Biofilm formation is partially controlled by QS mechanisms. Therefore, the effect of TP on biofilm formation in P. aeruginosa Pa1 was assessed after 24 hours growth and interestingly, at 3.125 mg/mL TP, the biofilm formation was decreased by >80% (Fig. 8).

Figure 8: Effect of TP on biofilm formation in Pseudomonas aeruginosa Pa1 (a).
Figure 8

Values are presented as mean ± SD, n = 3.

Exogenous Supplementation of TP Prevents Pa1 Killing of C. elegans

To determine whether TP can decrease pathogenicity of P. aeruginosa, we used Caenorhabditis elegans killing infection assay. We found that TP can increase the survival rate of Caenorhabditis elegans when infected with P. aeruginosa Pa1. Figure 9 shows the percentage survival of worms after 48 h exposure to Pa1 with different sub-MIC concentration of TP. Only about 20% of Pa1-infected worms survived, whereas worms exposed to Escherichia coli OP50 remained alive throughout the assay (data not shown). In comparison, treatment of infected worms with TP at sub-MIC concentrations can significantly improve its survival (23.3–63.3%). The highest survival rate (63.3%) was obtained with 3.125 mg/mL TP.

Figure 9: Effect of TP on the survival rate of C. elegans inflicted by P. aeruginosa Pa1.
Figure 9

TP supplementation in the medium reduced Pa1 pathogenicity, resulting in reduced mortality of C. elegans. Results are the means of three independent experiments, and standard deviations are shown

Effect of TP on P. aeruginosa -mouse infection model

Finally, P. aeruginosa-mouse infection model was used to investigate potential beneficial effects of TP in vivo. The wound skin and infection assays were performed. Skin wounds were made on the back side of mouse and bacterial infection was initiated by dropping 1 × 107CFU of P. aeruginosa. Then the infected wound skin sites were pipetted with either different concentrations of TP or sterilized PBS. After 6, 9, 12 and 15 days post-infection, the number of recoverable bacteria from the wounds area were determined. The number of CFU from the wounds after infection of P. aeruginosa was detected in all groups. There was no statistically significant difference between these groups on the first day post infection, but the bacterial number in wound area of TP-treat group decreased significantly on day 3 and 6 post-infection compared to control group (Table 2). In the process of wound healing, bacterial infection to skin wounds led to a significant delay in the closure of excisional wound sites compared with non-infected wound sites. When TP used to treat the infected wound skin sites, however, wound healing process was dramatically accelerated. The area of wound was measured on the 6th, 9th, 12th and 15th day of post infection in all groups. A very high significant rate of closure of wound was observed between 9th and 15th day post surgery (P < 0.05). The percentage of wound healing of the extracts against the post infection days was presented in Table 3.
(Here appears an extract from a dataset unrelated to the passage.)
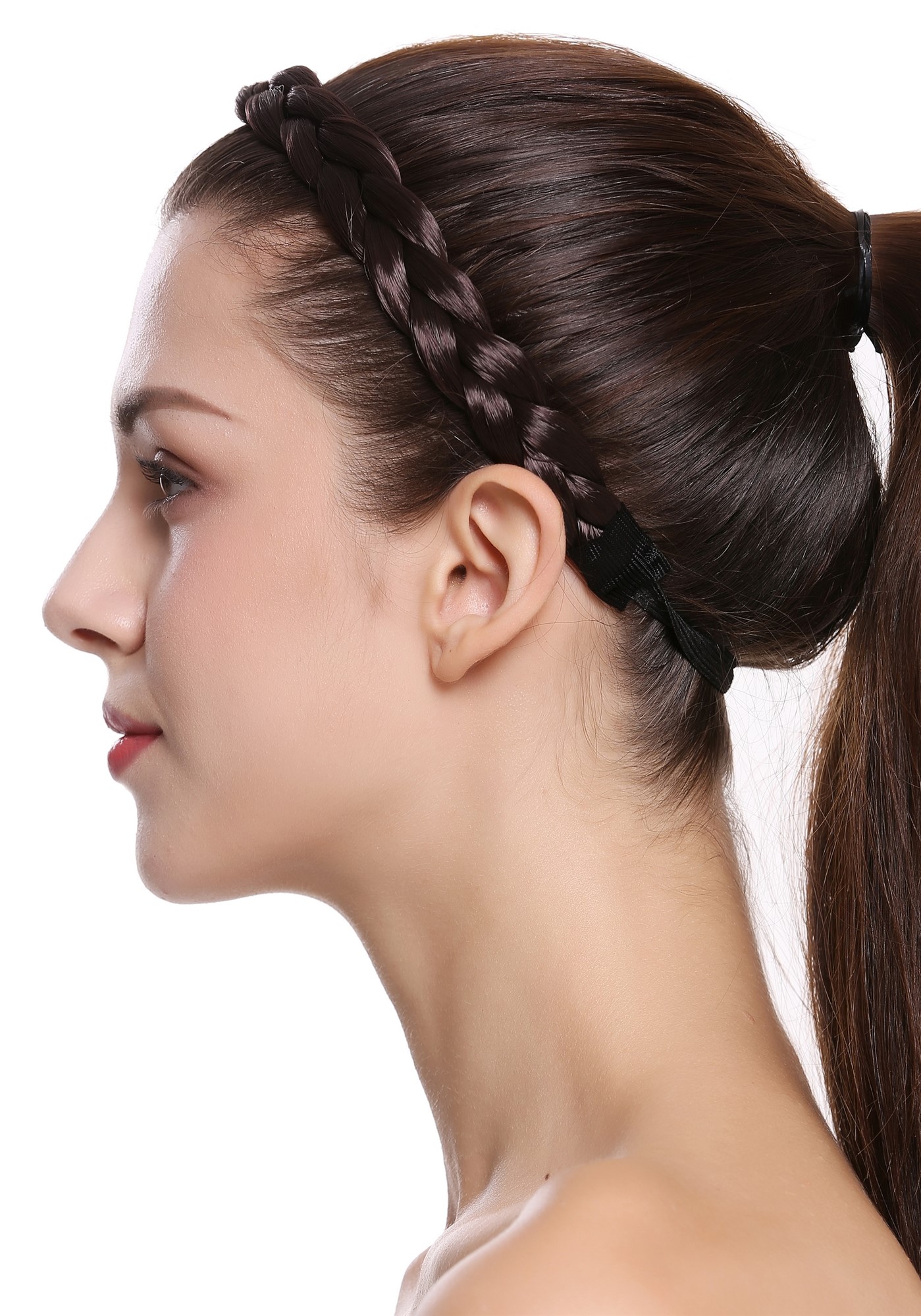 Haarband geflochten 2 cm breit Braun CXT-007-006, Ansicht 3, WIG ME UP: Ihr Perücken Online Shop Haarreifen geflochten Braun 42 cm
Table 2: Bacterial load of wound area post P. aeruginosa infection.
Table 3: Effect of TP on the wound healing in wound dripped with P. aeruginosa.


Pseudomonas aeruginosa, a common pathogen, which is important in cystic fibrosis, burn units of hospitals, and in implanted medical devices including intubation tubes and stents. Inhibition of the QS systems is considered as a novel strategy for development of potential anti-infective therapy. In the current study, we have demonstrated that TP treatment of the clinical wound infected isolated strain Pa1 can both attenuate biofilm formation and down-regulate the production of extracellular virulence factors in vitro. TP-treated Pa1 also exhibited reduced virulence in both C. elegans and mice infection models.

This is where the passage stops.